In light of all this, what choice do I have but to continue in this quest to fight the endless war against my own species where the only possible solution is impossible to secure.
But sometimes, even the impossible can become possible. We cannot focus on the results, only on the quest and we must address it with all the passion we can summon up within ourselves, to make the stand and hold the ground and never retreat, never falter and never surrender to the forces of greed and ecological destruction.
This last year I have managed to survive and overcome some of my own emotional weaknesses. It has been a year of personal disappointment and stress. One of the reasons for that is that I allowed myself to slide back into feeling that I should indulge myself in seeking my own personal happiness.
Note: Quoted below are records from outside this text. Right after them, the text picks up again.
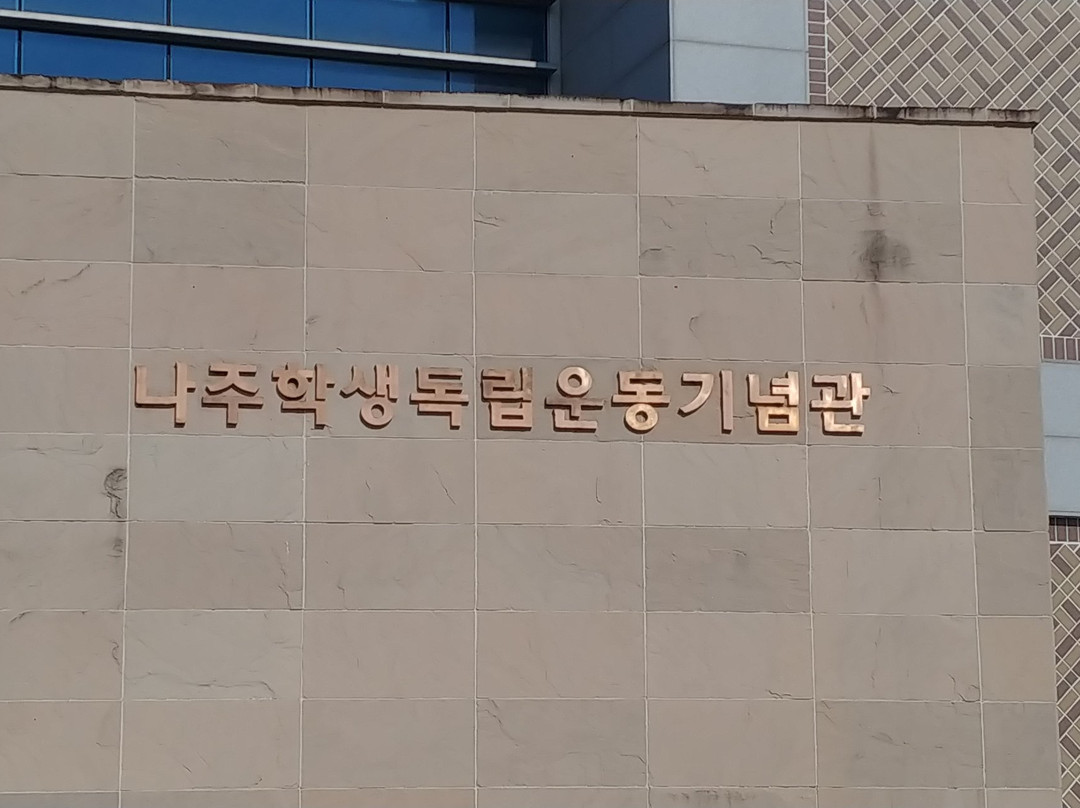 Naju Student Independence Movement Memorial Hall-罗州市必去景点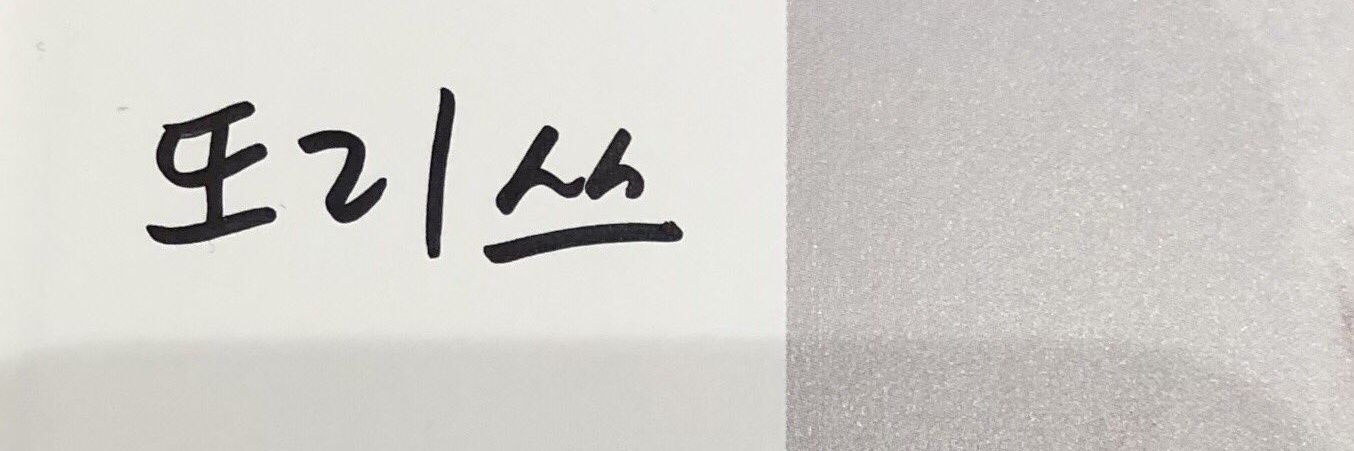 한 또리🐈‍⬛🐻‍❄️ banner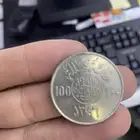 ريال معدني على عهد الملك خالد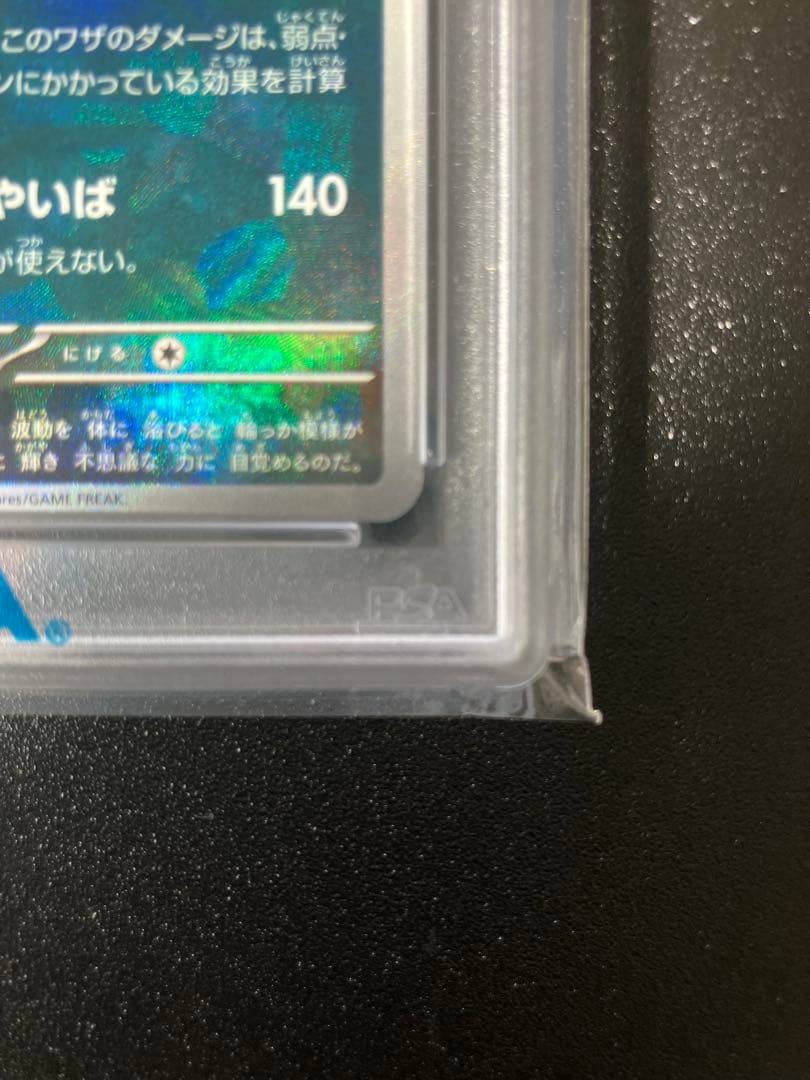 【PSA10】ブラッキー マスボミラー 、マスターボールミラー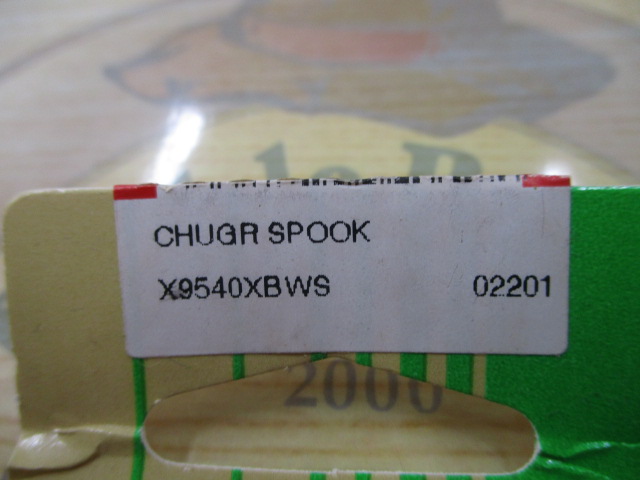 ﾁｬｶﾞｰｽﾌﾟｰｸ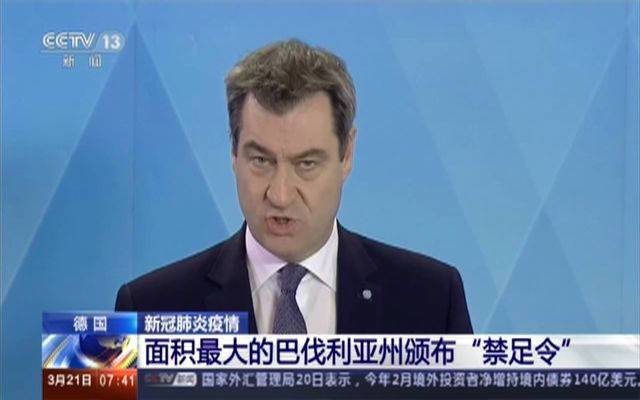 「出游」德国延长禁足令 确诊数超12万 默克尔：必须极其谨慎地行事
I realize now that happiness cannot be found in simply wanting it. It can only be found in the process of pursuing that which we are passionate about. I committed myself to undertaking responsibilities many years ago to dedicate myself to fighting for life in our oceans. It has been that dedication that has allowed me to achieve as much as I have but I can never forget that the guidance and protection that the ocean gives is lost when I fall from grace with the sea.
And for that reason we set forth again to return to the icebergs and the cold remote coast of Antarctica, to the world of the penguins and the whales, to seek out and to throw ourselves into battle with the most ruthless and heartless killers on this planet - the outlaw Japanese whalers presently murdering whales in the Southern Ocean Whale Sanctuary.
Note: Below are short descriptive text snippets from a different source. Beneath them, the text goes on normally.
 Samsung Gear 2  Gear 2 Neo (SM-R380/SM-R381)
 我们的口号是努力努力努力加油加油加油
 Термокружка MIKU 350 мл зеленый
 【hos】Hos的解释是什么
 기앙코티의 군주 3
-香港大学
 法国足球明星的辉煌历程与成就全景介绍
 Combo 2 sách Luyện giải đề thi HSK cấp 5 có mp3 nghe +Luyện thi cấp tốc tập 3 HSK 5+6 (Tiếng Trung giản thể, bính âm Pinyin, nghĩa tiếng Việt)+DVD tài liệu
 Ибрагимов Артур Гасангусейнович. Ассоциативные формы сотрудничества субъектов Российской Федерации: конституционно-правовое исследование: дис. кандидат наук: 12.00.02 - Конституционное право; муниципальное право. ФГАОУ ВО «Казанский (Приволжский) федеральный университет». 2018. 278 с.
We must find them and we must stop them and we must do so with 100% resolve without hesitation and without fear.
And thus we will usher in the year 2008 - doing what we are here to do - fighting for life, fighting for the oceans and ultimately fighting for our own survival, and for our collective ecological sanity.
To all of you who have supported us - Thank-you for giving us the resources to carry on this fight. My appreciation is more than I can express. Without you we could do nothing.
To all of you who hate us and seek our destruction: Thank-you for keeping us angry and motivated.
And to the whales, the dolphins, sharks, turtles, birds, fish and plankton - Thank-you for being, for the inspiration you provide, and for the privilege of serving you.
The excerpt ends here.